Exercise goal →
Copy out all the lines of the data precisely, omitting any pictures.

[Data entries]
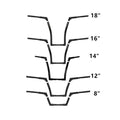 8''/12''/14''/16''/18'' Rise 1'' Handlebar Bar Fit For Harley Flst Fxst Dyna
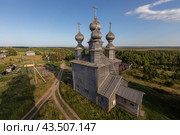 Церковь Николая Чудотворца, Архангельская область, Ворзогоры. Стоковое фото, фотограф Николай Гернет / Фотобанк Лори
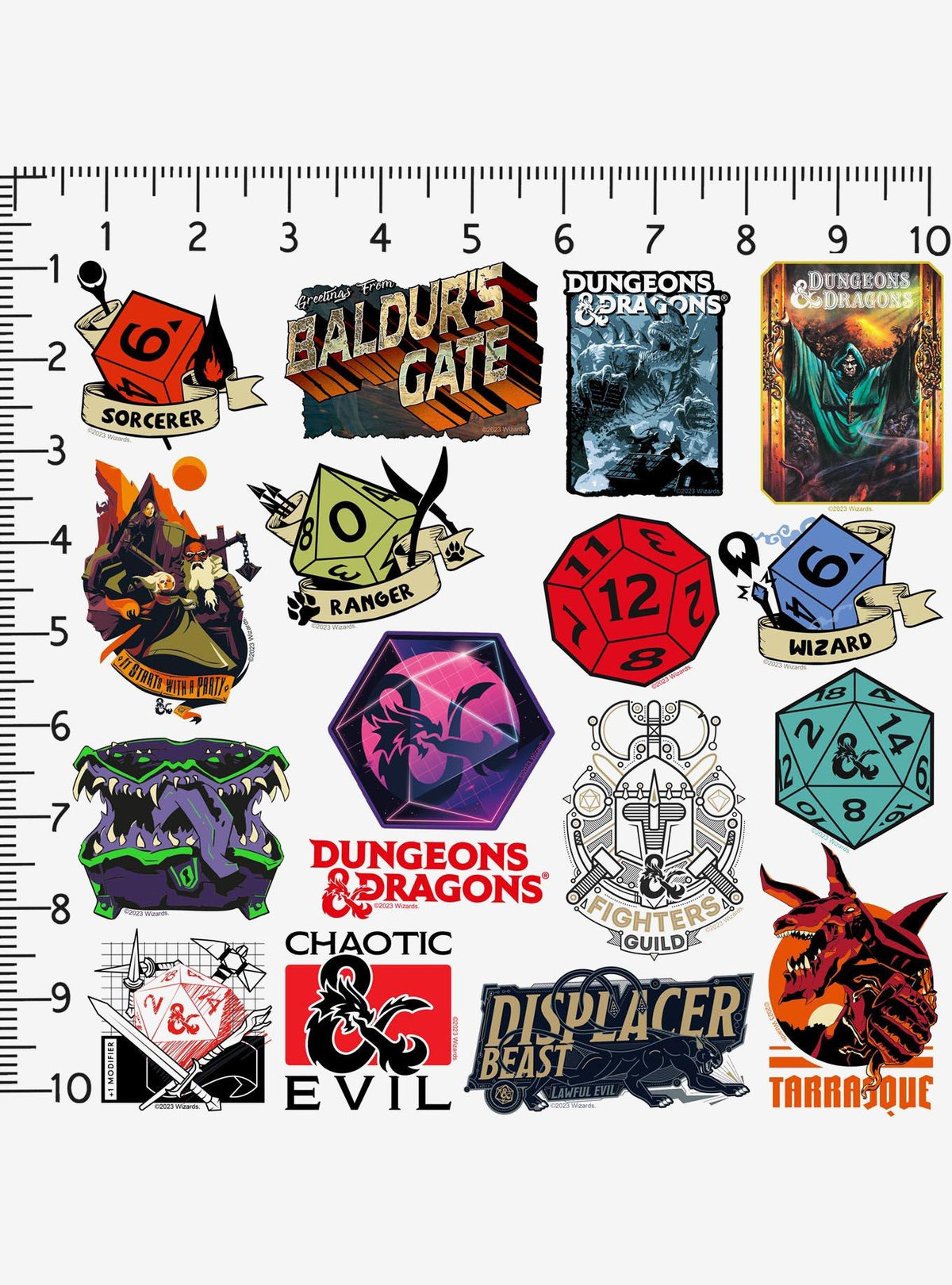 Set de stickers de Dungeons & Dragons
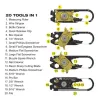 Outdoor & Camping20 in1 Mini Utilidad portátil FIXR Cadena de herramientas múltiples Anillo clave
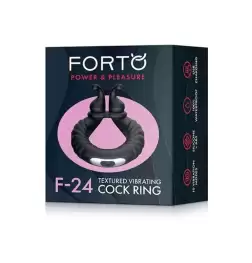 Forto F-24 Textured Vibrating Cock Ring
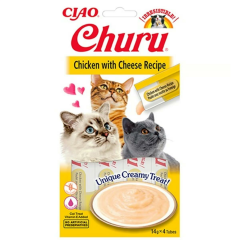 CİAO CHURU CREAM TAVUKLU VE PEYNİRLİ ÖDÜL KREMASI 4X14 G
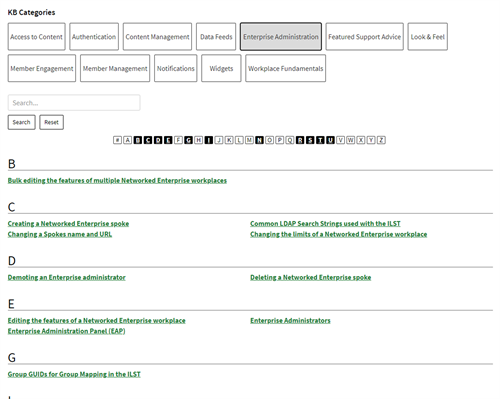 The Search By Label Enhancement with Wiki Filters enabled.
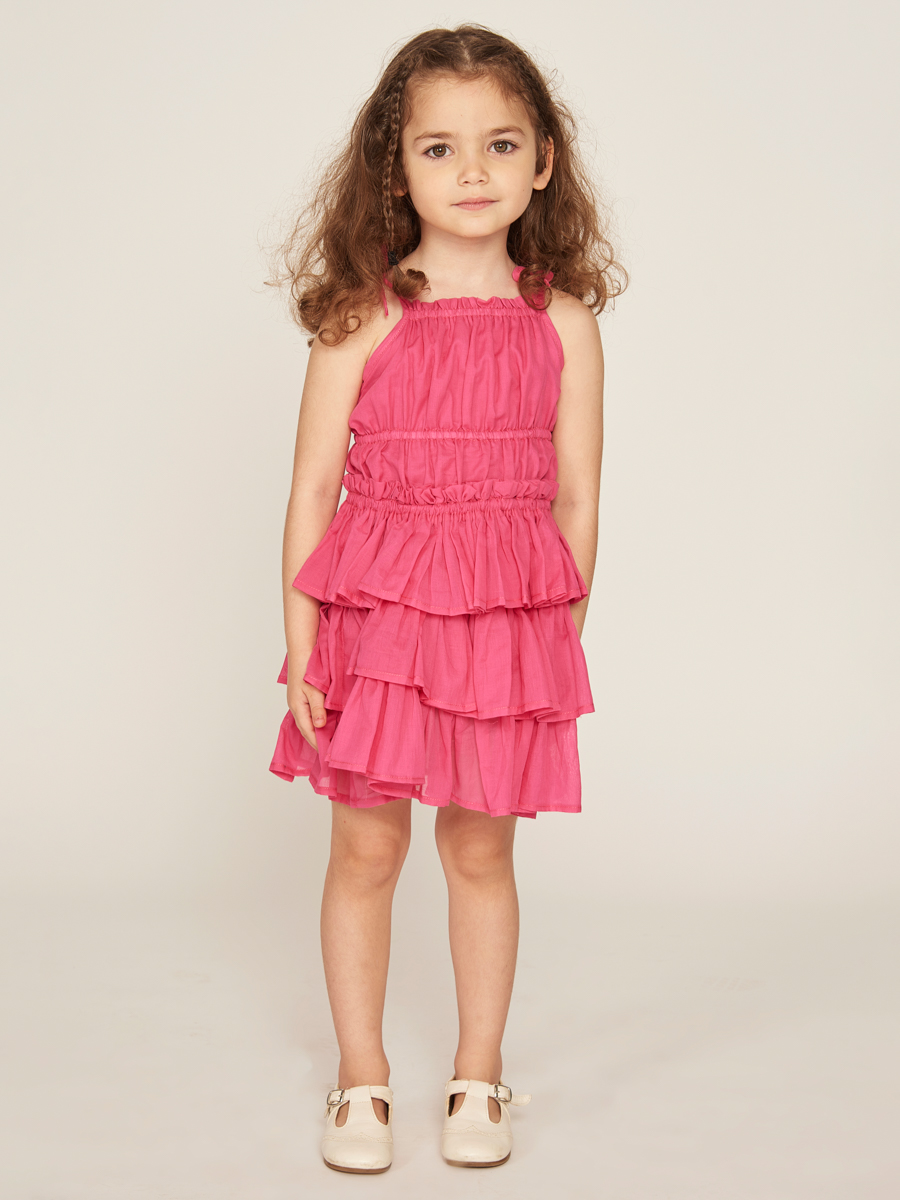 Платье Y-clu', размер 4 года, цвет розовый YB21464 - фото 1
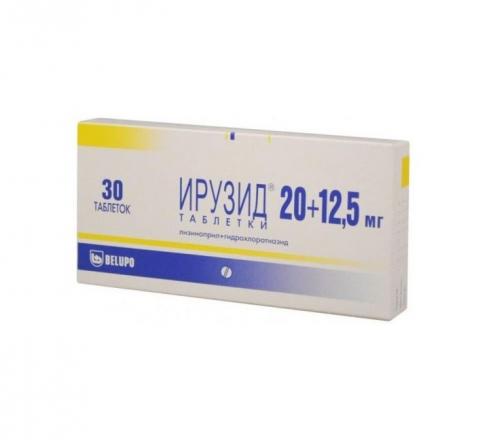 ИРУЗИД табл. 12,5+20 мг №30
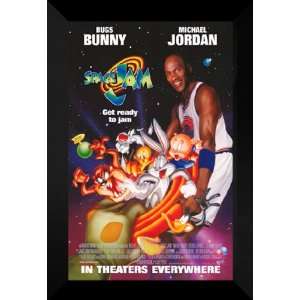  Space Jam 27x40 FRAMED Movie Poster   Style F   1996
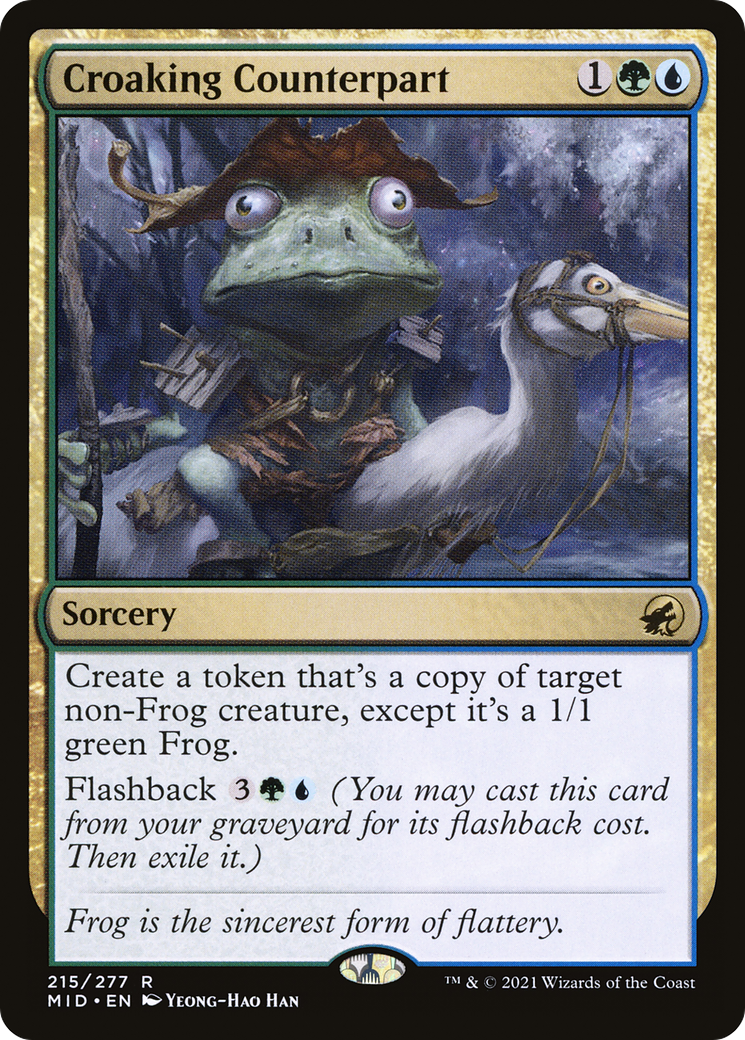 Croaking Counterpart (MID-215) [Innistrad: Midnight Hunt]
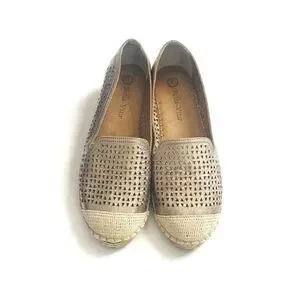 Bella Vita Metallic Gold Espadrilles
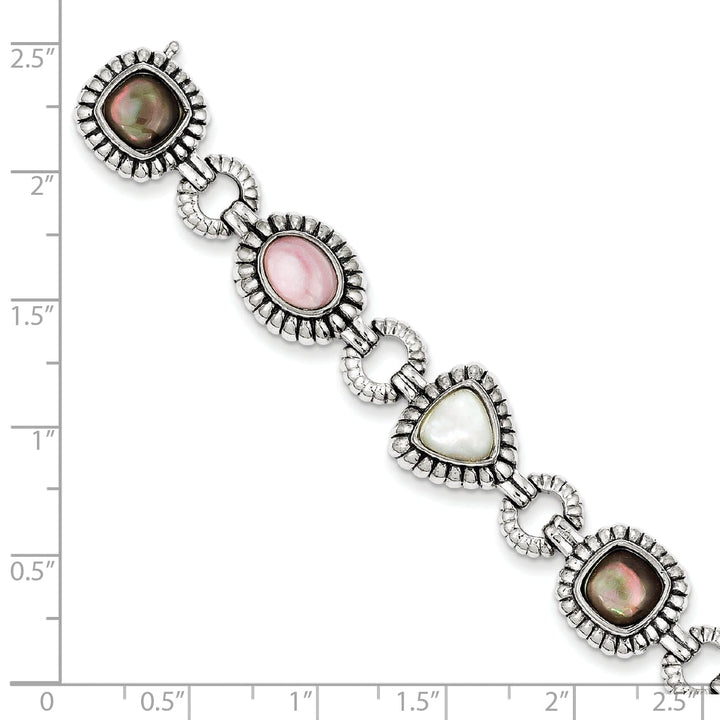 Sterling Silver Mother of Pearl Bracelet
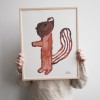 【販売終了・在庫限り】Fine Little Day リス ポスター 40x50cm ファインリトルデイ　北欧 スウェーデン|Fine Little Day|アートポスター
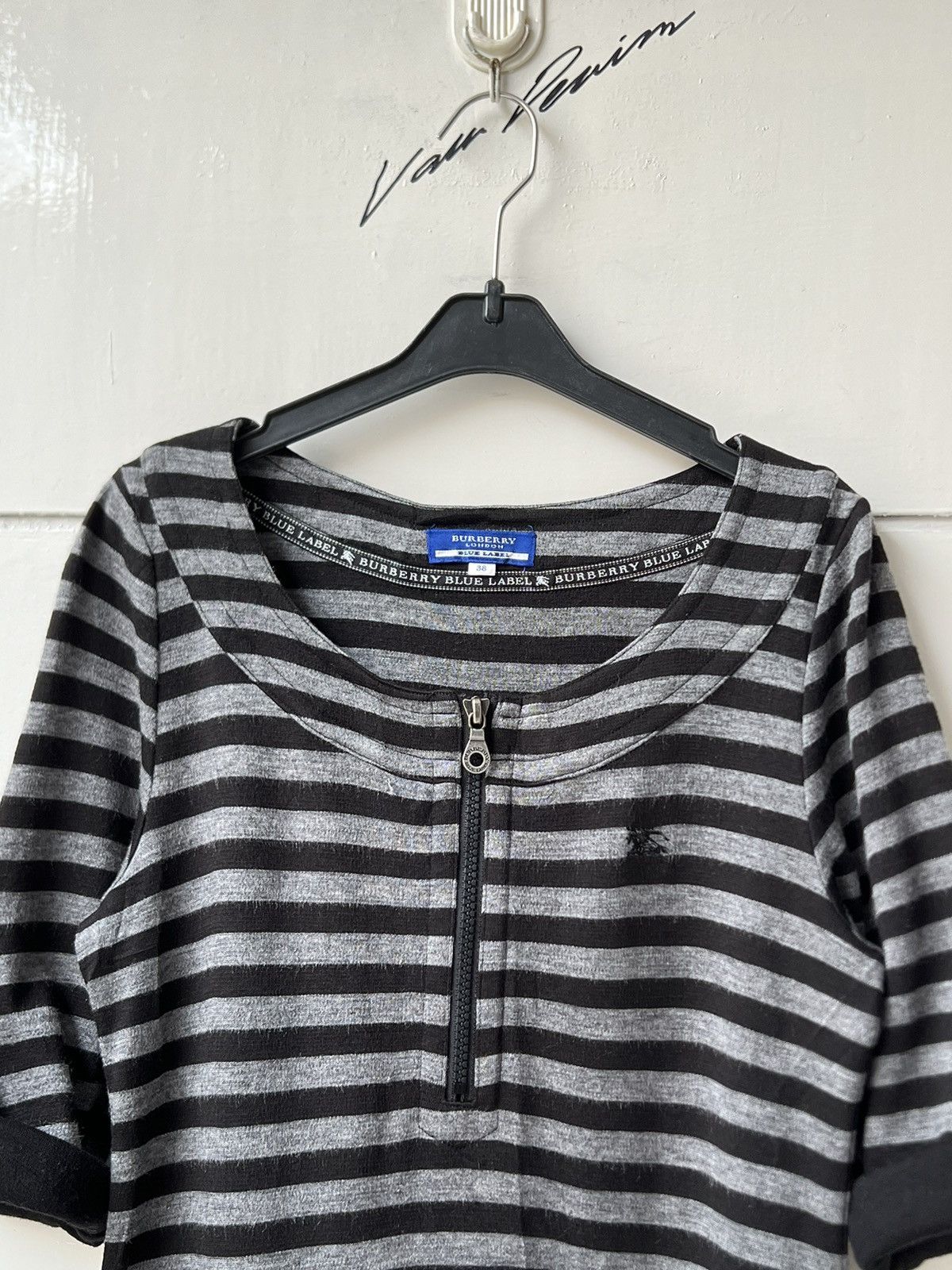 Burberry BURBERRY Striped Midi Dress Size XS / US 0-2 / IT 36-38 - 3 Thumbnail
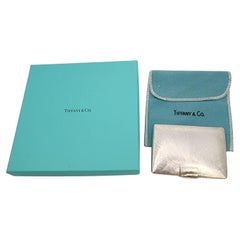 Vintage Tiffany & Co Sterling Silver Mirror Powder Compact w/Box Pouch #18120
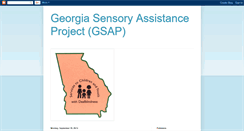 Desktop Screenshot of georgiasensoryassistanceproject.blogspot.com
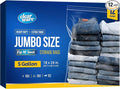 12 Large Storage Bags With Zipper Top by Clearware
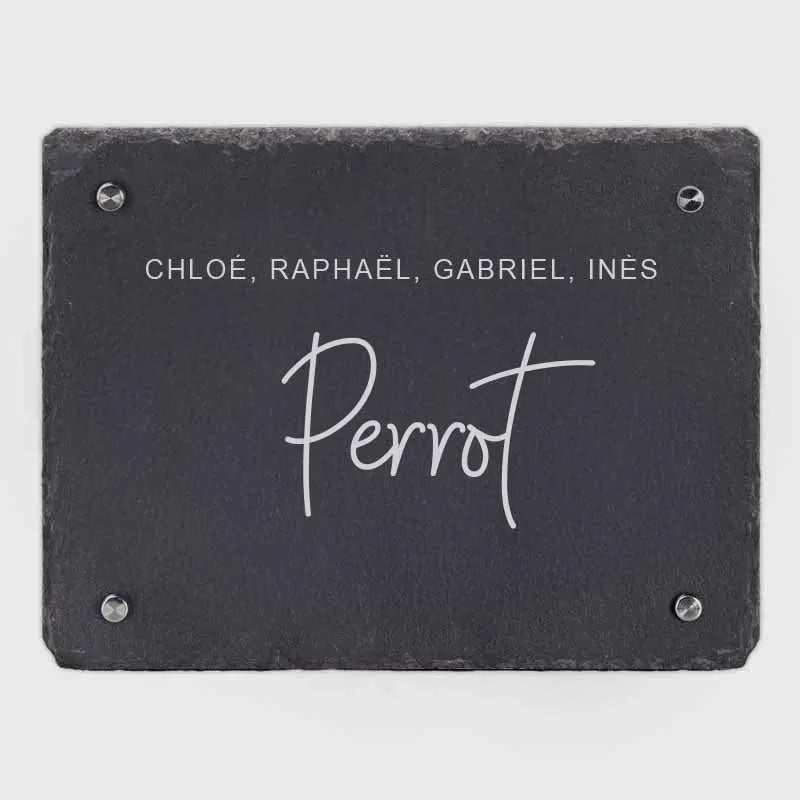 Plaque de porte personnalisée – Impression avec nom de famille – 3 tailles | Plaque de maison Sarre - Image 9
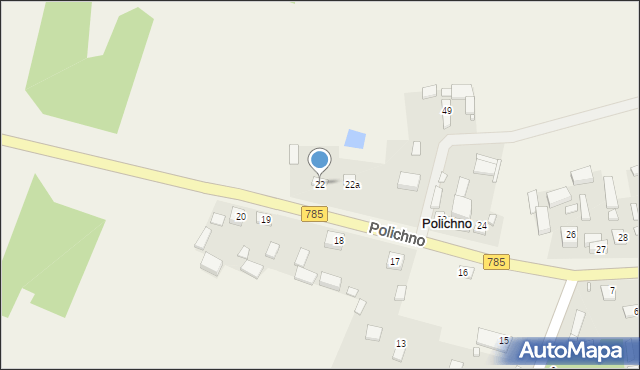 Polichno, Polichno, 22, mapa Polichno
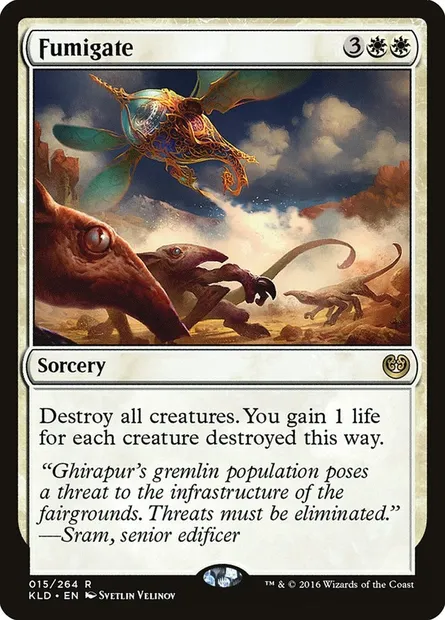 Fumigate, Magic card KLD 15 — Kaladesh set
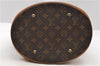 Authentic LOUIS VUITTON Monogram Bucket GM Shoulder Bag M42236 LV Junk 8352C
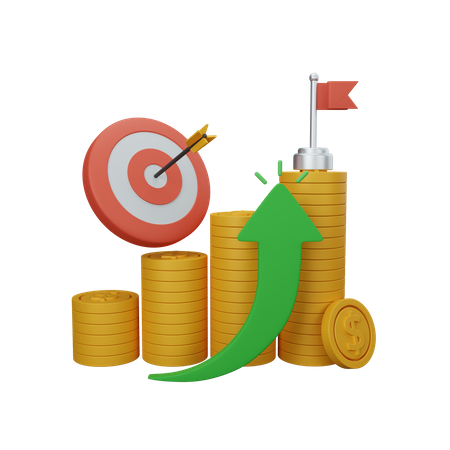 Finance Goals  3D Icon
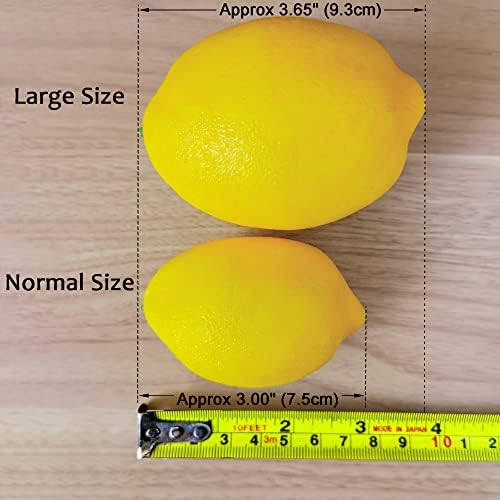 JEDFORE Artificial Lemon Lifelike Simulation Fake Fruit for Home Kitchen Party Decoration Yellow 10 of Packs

Exercise output →
 8''/12''/14''/16''/18'' Rise 1'' Handlebar Bar Fit For Harley Flst Fxst Dyna
 Церковь Николая Чудотворца, Архангельская область, Ворзогоры. Стоковое фото, фотограф Николай Гернет / Фотобанк Лори
 Set de stickers de Dungeons & Dragons
 Outdoor & Camping20 in1 Mini Utilidad portátil FIXR Cadena de herramientas múltiples Anillo clave
 Forto F-24 Textured Vibrating Cock Ring
 CİAO CHURU CREAM TAVUKLU VE PEYNİRLİ ÖDÜL KREMASI 4X14 G
 The Search By Label Enhancement with Wiki Filters enabled.
 Платье Y-clu', размер 4 года, цвет розовый YB21464 - фото 1
 ИРУЗИД табл. 12,5+20 мг №30
  Space Jam 27x40 FRAMED Movie Poster   Style F   1996
 Croaking Counterpart (MID-215) [Innistrad: Midnight Hunt]
 Bella Vita Metallic Gold Espadrilles
 Sterling Silver Mother of Pearl Bracelet
 【販売終了・在庫限り】Fine Little Day リス ポスター 40x50cm ファインリトルデイ　北欧 スウェーデン|Fine Little Day|アートポスター
 Burberry BURBERRY Striped Midi Dress Size XS / US 0-2 / IT 36-38 - 3 Thumbnail
 Vintage Tiffany & Co Sterling Silver Mirror Powder Compact w/Box Pouch #18120
 Desktop Screenshot of georgiasensoryassistanceproject.blogspot.com
 12 Large Storage Bags With Zipper Top by Clearware
 Plaque de porte personnalisée – Impression avec nom de famille – 3 tailles | Plaque de maison Sarre - Image 9
 Polichno, Polichno, 22, mapa Polichno
 Fumigate, Magic card KLD 15 — Kaladesh set
 Authentic LOUIS VUITTON Monogram Bucket GM Shoulder Bag M42236 LV Junk 8352C
 Finance Goals  3D Icon
 JEDFORE Artificial Lemon Lifelike Simulation Fake Fruit for Home Kitchen Party Decoration Yellow 10 of Packs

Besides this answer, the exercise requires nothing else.